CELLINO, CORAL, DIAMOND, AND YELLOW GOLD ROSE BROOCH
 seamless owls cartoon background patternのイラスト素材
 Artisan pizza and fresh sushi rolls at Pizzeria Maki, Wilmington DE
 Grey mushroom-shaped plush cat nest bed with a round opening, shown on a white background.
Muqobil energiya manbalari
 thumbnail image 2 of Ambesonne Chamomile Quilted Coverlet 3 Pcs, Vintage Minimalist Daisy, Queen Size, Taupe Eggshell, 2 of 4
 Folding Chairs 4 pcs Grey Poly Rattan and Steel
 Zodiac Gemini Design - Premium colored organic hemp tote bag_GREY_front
----------------
_The problem_. Using the material above, filter for lines holding "background" and copy each one.

_Expected answer_.
 seamless owls cartoon background patternのイラスト素材
 Grey mushroom-shaped plush cat nest bed with a round opening, shown on a white background.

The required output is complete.